I was reading entry #4 of this Cracked article, which says that the events of the film Gravity would basically end the space age, and I wondered: Does anyone know, or have a guess or a link, to how much junk it would take chucked into orbit either from below (launched from the surface), or above (alien attack) to render it impossible (or at least prohibitively risky) for an Earthlike planet to maintain a space (weather, communication, and spy satellites, missions to other planets) program? Say the aliens chuck Ceres into a really big blender and render it down to, uh, BB size? And then inject it into a whole bunch of crisscrossing orbits around the Earth. No more space program? Overkill? Underkill? Without further intervention, how long would such a quarantine last?
This is the so-called Kessler Syndrome, suggested by Donald J. Kessler of NASA in 1978.
yep, it is possible; it could happen by accident, or be triggered by a well-deployed anti-satellite missile ( or several). You wouldn’t need to grind up Ceres, or even Comet 69P.
I think the Kessler Syndrome is a little overstated. Not that we should be blowing up satellites with missiles willy-nilly, but it’s not quite the civilization-ending event it’s usually presented as.
Anything with a perigee below a few hundred kilometers will deorbit on its own in a few months to years due to air drag. This includes the orbit the ISS occupies, for instance, and other interesting stuff.
So space won’t be cut off completely. It’s not in fact true that “We couldn’t even send missions to fix it, because the debris would shred anything else we sent up”, as the article says–a laser-based cleaning satellite could start at lower altitudes and progressively move upward.
Another thing is that the debris cloud will tend to organize itself over time. Early on, debris will be moving every which way. So any orbit at a given altitude will be dangerous. But the debris will collide with itself, and those pieces which are moving relative to the majority of debris will tend to either turn into even smaller debris, or get sent into another orbit altogether (hopefully one that intersects Earth’s atmosphere). Eventually, most of the debris will be mostly moving in the same direction, and at that point a satellite could be put there with little danger. Collisions aren’t so bad when you have the same velocity.
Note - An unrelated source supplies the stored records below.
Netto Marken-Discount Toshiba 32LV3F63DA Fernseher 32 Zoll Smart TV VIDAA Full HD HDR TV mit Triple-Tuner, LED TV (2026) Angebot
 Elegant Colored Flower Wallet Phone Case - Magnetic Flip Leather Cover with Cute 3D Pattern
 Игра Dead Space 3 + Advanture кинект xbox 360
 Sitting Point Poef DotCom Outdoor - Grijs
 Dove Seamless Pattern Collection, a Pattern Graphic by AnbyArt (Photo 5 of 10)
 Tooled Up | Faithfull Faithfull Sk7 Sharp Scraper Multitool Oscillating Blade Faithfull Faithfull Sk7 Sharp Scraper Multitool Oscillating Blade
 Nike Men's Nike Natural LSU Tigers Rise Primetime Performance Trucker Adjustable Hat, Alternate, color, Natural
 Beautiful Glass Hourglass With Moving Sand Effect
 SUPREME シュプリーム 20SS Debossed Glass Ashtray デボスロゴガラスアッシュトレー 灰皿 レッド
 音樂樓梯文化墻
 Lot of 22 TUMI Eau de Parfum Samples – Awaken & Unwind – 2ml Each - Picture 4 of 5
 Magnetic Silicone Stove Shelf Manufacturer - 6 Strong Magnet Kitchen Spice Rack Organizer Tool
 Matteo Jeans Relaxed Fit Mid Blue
Well, there’s one thing the movie got wrong (not that this should be a surprise to anyone). There’s no way you’re going to have orbital collisions at 50,000 mph. Orbital velocities are basically an inverse function of the distance from the center of the Earth and low Earth orbits have velocities about 17,000 mph. Since it’s an inverse function, the higher the orbit, the slower it moves, so that’s about as fast as anything in Earth orbit can go. Even allowing for prograde-retrograde collisions, that’s a maximum of 34,000 mph.
However the Cracked article has problems as well. It says cell phones are useless without satellite communications. Ditto for the internet, and by implication, telecommunication in general. Wrong on all counts. Cell phones only talk to the nearest cell tower, not to comm satellites. And there’s lots of telecommunication that goes on without using satellites at all. Far more than that which uses them, in fact. There’s lots and lots of fibre-optic cables all around the world that carry the bulk of the world’s telecomunication. At most there’ll be some islands that aren’t connected by undersea cable that will be cut off.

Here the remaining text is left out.